### [EXERCISE]
In the records below, find the line with "LACAUSA CLOTHING Lounge Briefs", then copy each line exactly until you have copied the line with "Mini Dermaplane Facial". Leave any picture out.

[Source records]
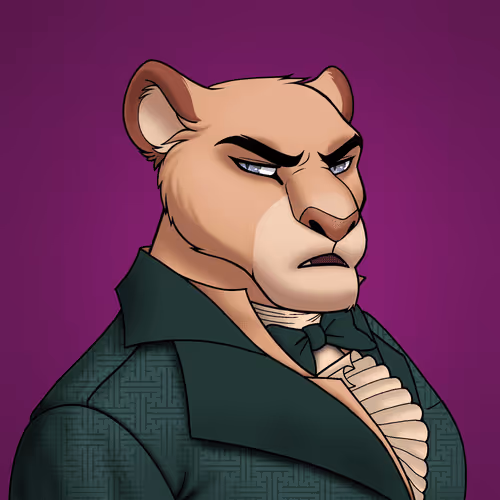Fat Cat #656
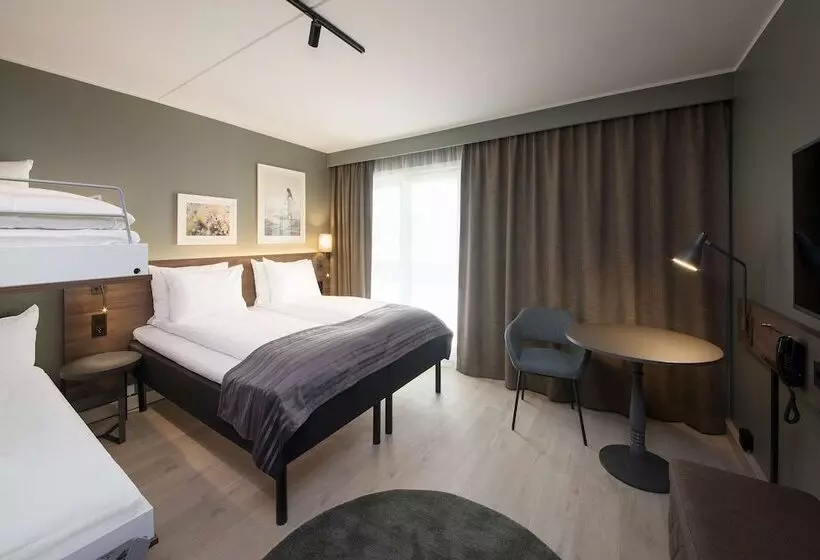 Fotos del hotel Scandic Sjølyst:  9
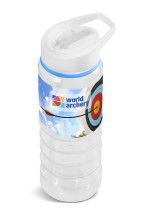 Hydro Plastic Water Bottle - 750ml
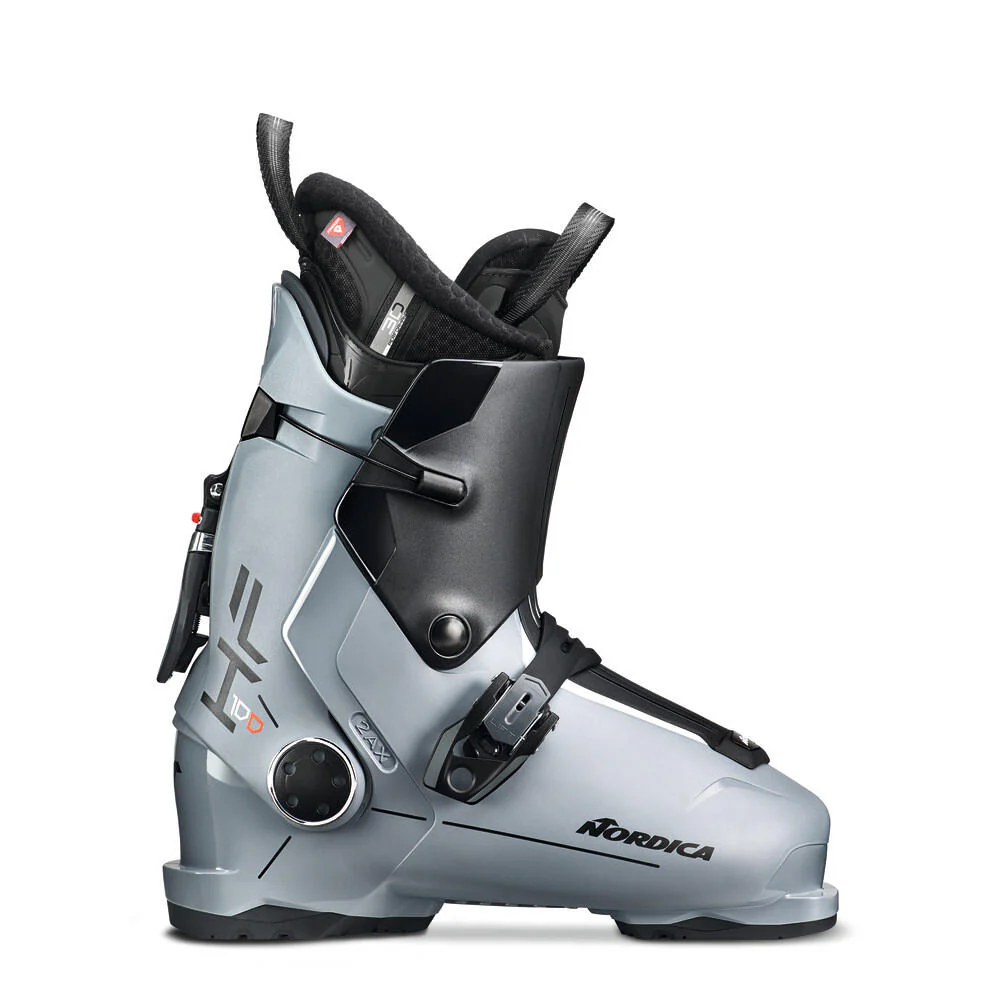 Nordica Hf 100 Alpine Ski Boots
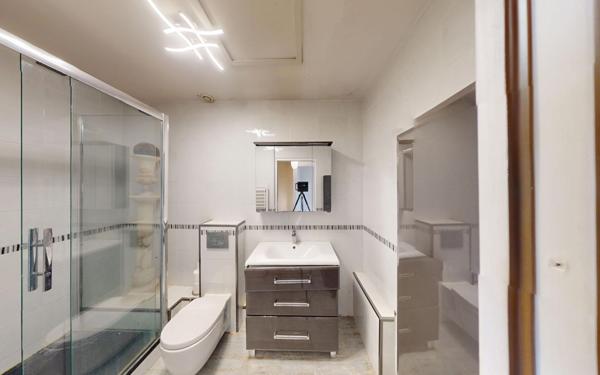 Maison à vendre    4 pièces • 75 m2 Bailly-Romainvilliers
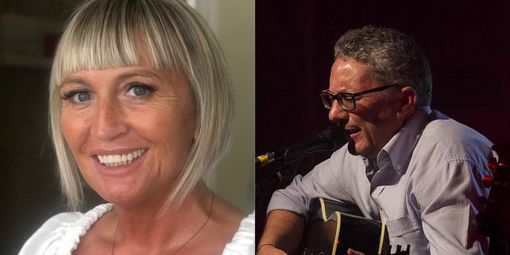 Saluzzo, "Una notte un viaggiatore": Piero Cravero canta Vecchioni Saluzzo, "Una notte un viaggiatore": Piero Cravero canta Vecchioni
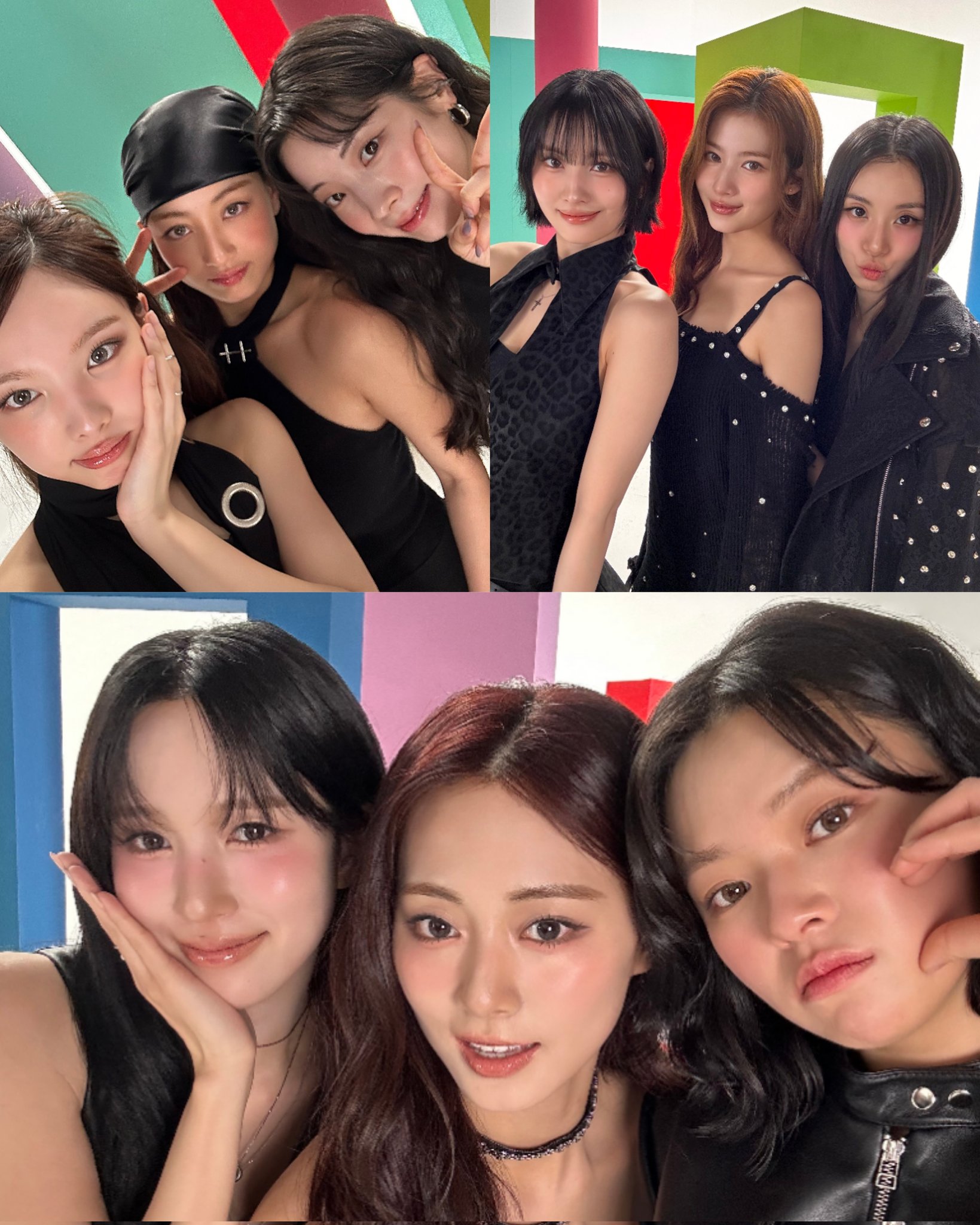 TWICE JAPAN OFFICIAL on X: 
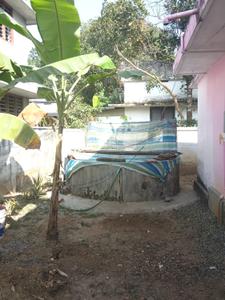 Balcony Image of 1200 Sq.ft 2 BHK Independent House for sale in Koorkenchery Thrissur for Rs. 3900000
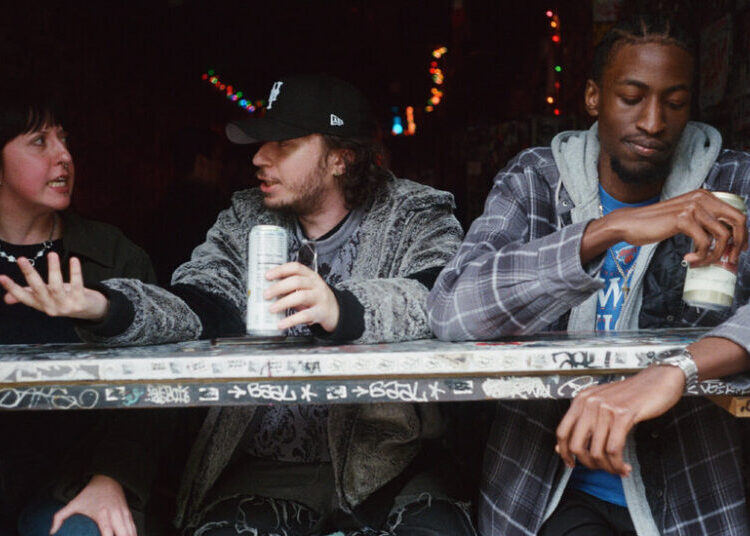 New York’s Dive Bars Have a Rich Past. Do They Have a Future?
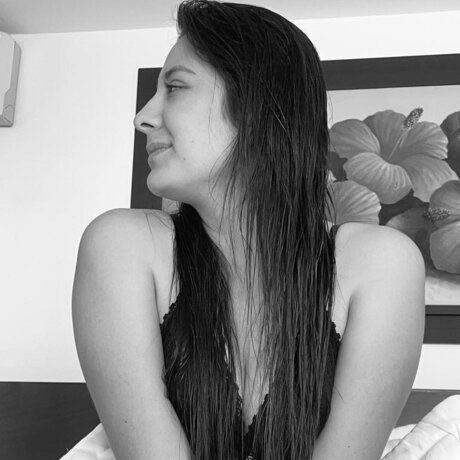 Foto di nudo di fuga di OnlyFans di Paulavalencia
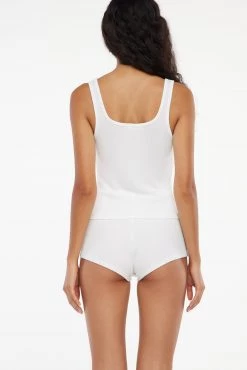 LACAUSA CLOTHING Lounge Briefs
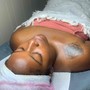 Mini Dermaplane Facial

* * *

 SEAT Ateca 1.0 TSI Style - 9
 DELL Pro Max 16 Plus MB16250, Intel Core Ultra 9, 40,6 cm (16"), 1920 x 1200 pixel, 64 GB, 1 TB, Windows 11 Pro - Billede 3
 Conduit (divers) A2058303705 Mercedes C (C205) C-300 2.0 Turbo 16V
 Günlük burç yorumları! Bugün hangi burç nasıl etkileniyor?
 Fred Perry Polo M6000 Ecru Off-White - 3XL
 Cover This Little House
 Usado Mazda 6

### [PROBLEM SOLUTION]
 LACAUSA CLOTHING Lounge Briefs
 Mini Dermaplane Facial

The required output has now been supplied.